### What is required
Among the records that follow, set down only the lines from the one containing "LED Hängeleuchte Metall" to the one containing "Nature landscape near", both included, exactly.

### Dataset content
=== Section Start ===

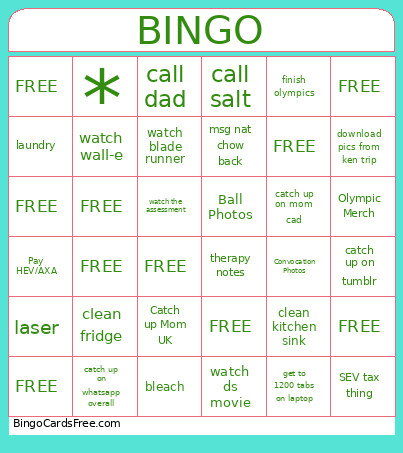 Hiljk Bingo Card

=== Section End ===
=== Section Start ===

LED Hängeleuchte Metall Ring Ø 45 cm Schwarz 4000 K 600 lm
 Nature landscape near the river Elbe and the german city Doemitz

=== Section End ===
=== Section Start ===

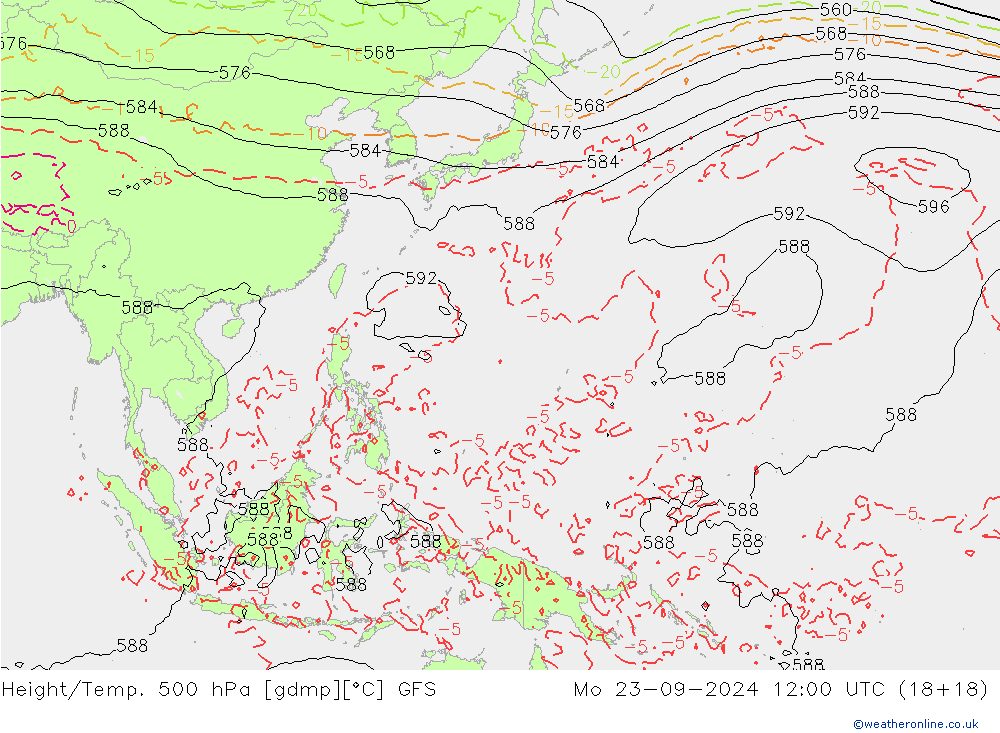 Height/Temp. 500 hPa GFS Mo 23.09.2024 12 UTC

=== Section End ===

### Task output
LED Hängeleuchte Metall Ring Ø 45 cm Schwarz 4000 K 600 lm
 Nature landscape near the river Elbe and the german city Doemitz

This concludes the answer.